In an article by Knight and Steinbach* the authors try to create a model for choosing a journal to publish in. They have identified five areas to consider when planning for publishing: 1) probability for the manuscript to be accepted, 2) journal reputation, 3) article visibility and possible impact, and 4) probability for getting the article published in the right time and 5) philosophical and ethical aspects such as free access.
Open Access journals have matured so you do not have to sacrifice the benefits of the traditional journals if you choose an Open Access journal. Many of the Open Access journals have developed impact factor, citing frequency and reputation comparable to similar traditional journals. They have a well organized peer review process, in some cases even tougher process than the traditional journals. Open Access journals have the benefits of the knowledge spreading quicker to all interested parties not just those who can afford to subscribe to the journal. Read the article to get more tips on how to choose a journal to publish in.

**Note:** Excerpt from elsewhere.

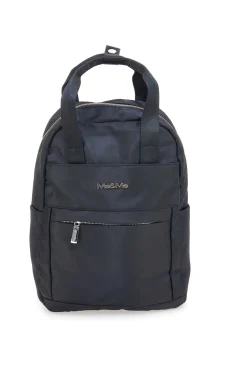 Zaino nero con spallacci regolabili Me & me spa 9309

If you have to equivalent journals to choose from take into consideration the publishers attitude towards Open Access in general and self-archiving in particular. You should always choose journals which allow self-archiving or are Open Access. When your manuscript has been accepted you should sign a publications agreement. Make sure that you keep the right to self-archive in BADA but also that you have the right to use the article in e.g. a future compilation dissertation and in future teaching. If you have written a book or a book chapter you can ask your publisher about self-archiving possibilities a year or two after publication. Use the author addendum if the publishers’ agreement is not satisfactory.

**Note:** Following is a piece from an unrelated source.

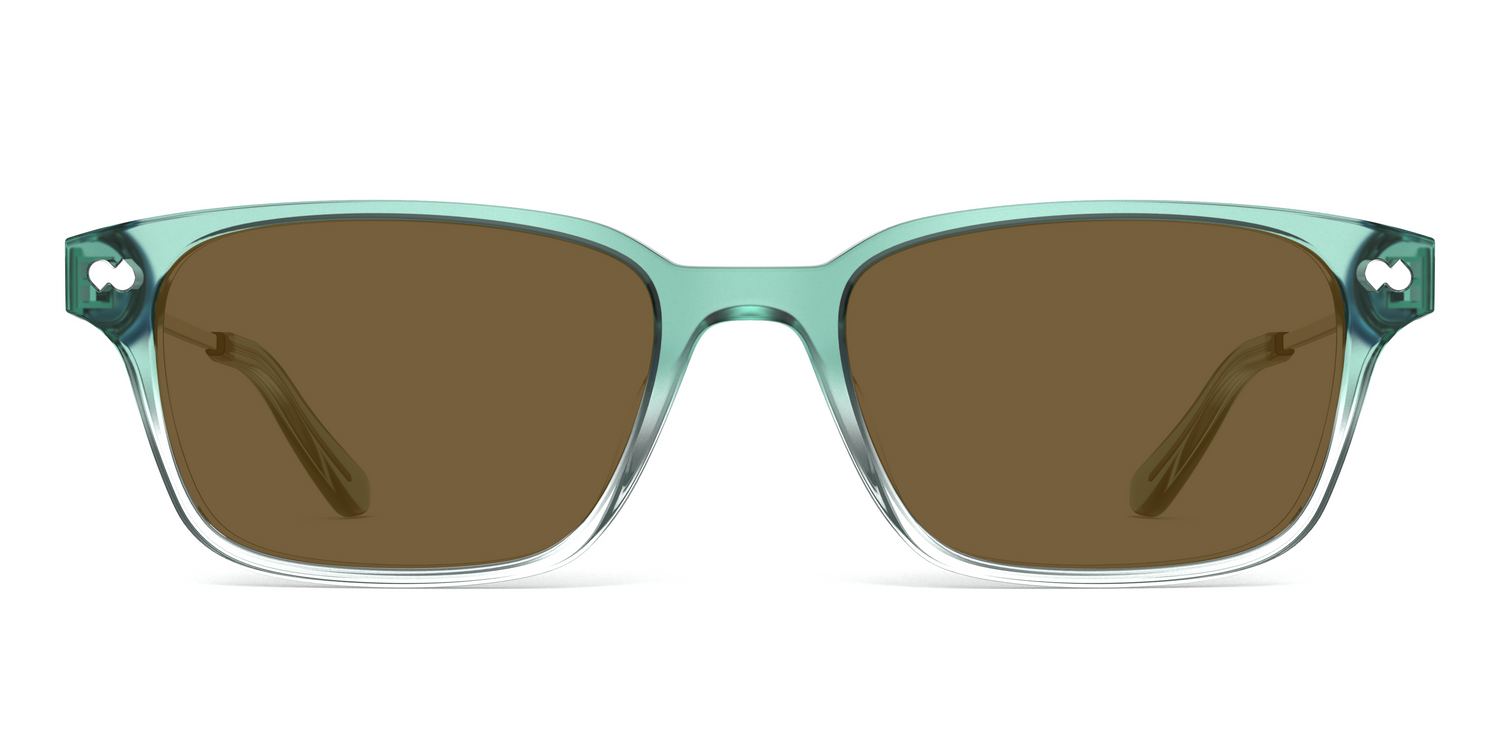 The Finley - Teal Pearlized Gradient Acetate Silver Metal Sun - Carousel4 - Pair Eyewear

Use DOAJ to find suitable Open Access journals.
You can even use Journal Citation Report (JCR) to check how the different scientific journals are rated. JCR is a part of Thomson Reuters Web of Science and it is a tool to compare and evaluate scientific journals among plethora of subject areas. There is citation data from over 8 000 journals and over 3 000 publishers in JCR. Contact Library & learning resources for help to use the database. Thomson Reuters has earlier in October released its book citation index for the Arts, Humanities and Social Sciences. Now it is possible to search among 25 000 books but before the year is out they aim to cover 30 000 central books published 2005 and after within these three subject areas. Their on-going goal will be to add 10 000 books a year.
*Knight, L.V. & Stenbach, T.A. (2008). Selecting an appropriate publication outlet: a comprehensive model for journal selection criteria for researchers in a broad range of academic disciplines. International Journal of Doctoral Studies, vol 3, ss. 59-79.